I find it hard to imagine.  Much of what is frightening about Trump is not just his bigotry but his authoritarian tendencies, seemingly born out of a hyper-masculine machismo which I am also allergic too, yet which is also a popular disposition on the right.  By itself, machismo isn't necessarily problematic, but in the context of larger retrograde attitudes, it takes on a bullying, chauvinist quality.

So I imagine these non-Trumpist Republicans as disgusted by his racial bigotry (the homophobic policies I'm assuming they're quite amenable to), embarrassed by his dim-witted bloviations, his crassness making them wince.  But he's also likely much more of a recognizable type, the kind of fellow not uncommon in right wing circles, be it leather-upholstered backroom offices or at the opposite end of a construction yard.  They are used to seeing him, tolerating him, even appreciating his git-r-done brashness all-the-while shaking their heads and rolling their eyes.

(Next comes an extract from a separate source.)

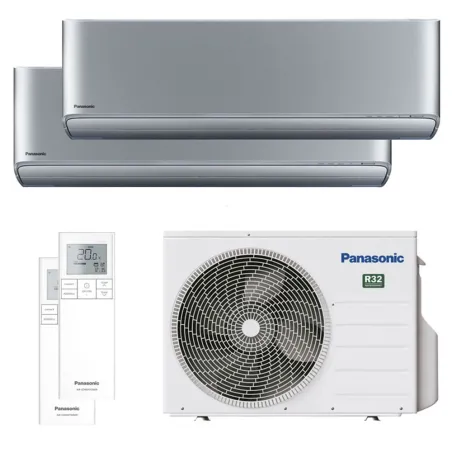 Climatiseur bi split PANASONIC Etherea Argent CU-2Z35TBE 3.5kW tailles 20 + 20 WiFi de série CS-XZ20ZKEW + CS-XZ20ZKEW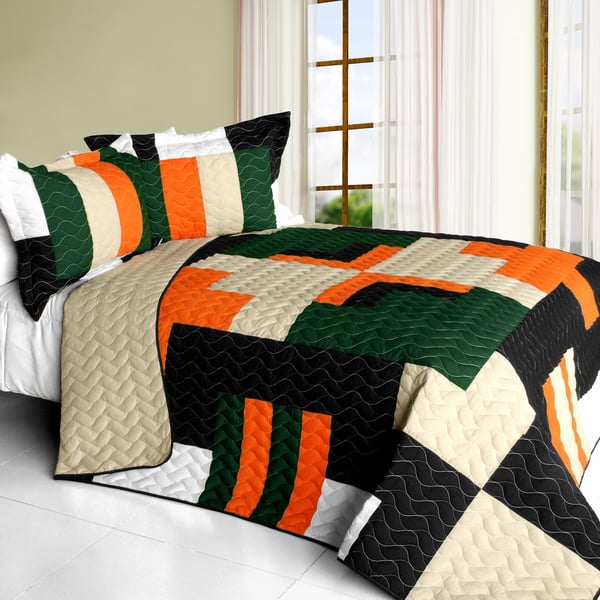 Jungle Exploration - 3 Pieces Vermicelli - Quilted Patchwork Quilt Set  Full & Queen Size - Multicolor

So now he's been nominated and, well, as long as he's surrounded by enough good old boys, he'll generally continue policies we want: dismantle Obamacare, cut up climate change regulations, stand athwart the gun rack, appoint conservative justices who might just finally end the fetal holocaust, and with any luck nuke ISIS.

I take solace in the fact that, while I disagree with these policy choices, they don't necessarily represent moral monstrosity.  They don't actually want to violently march into neighborhoods and rip apart undocumented families.  They don't actually want to ban Muslims.  They don't actually want to waterboard-and-then-some.  They don't believe in crazy conspiracy theories.  They don't read Breitbart.

However, their party nominated someone who does.  They have to live with the fact that they are in bed with this movement, which has consumed them.  At what point do you decide to leave?  We'll see.